Crassus responded in kind. He studied Marcus for a moment, nodded slowly, and said, his voice very quiet, "Half strength, no meat, no water."

"Aye, sir."

"The Guard?"

"I spoke to their First Spears, sir. They're in worse shape than we are. For all practical purposes, we've got the only Knights on the field. The Guard used a different model of helmet than we did, without the crossbars on the crowns, and those hafted scythes went through them like paper. They've got fewer wounded but a lot more dead."

"Orders from the Senator?" Crassus asked.

Marcus shook his head.

"The other captains?"

"No word from them, either, sir."

Crassus drew in a deep breath. "It seems to me we really ought to have some kind of plan."

"If you say so, Captain."

"Send runners to the Senator and the other captains," Crassus said. "Inform them that I've prepared a pavilion for him, his staff, and the other captains, and that it is ready to receive him immediately."
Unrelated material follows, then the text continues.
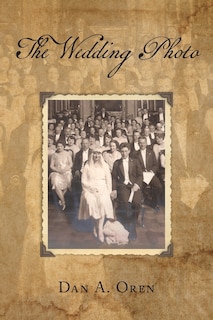 Front cover_The Wedding Photo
Marcus saluted and turned to go.

"Marcus," Crassus said quietly.

He paused, without turning back.

Crassus dropped his voice, until only the two of them could have heard it. "We aren't getting off this hill, are we?"

Marcus blew out a breath. "Doesn't look like it, sir."

Crassus nodded. "Thank you," he said.

Marcus went on about following his orders, though he was ready to allow the Canim to kill him, if only they promised to let him get a few moments of sleep first.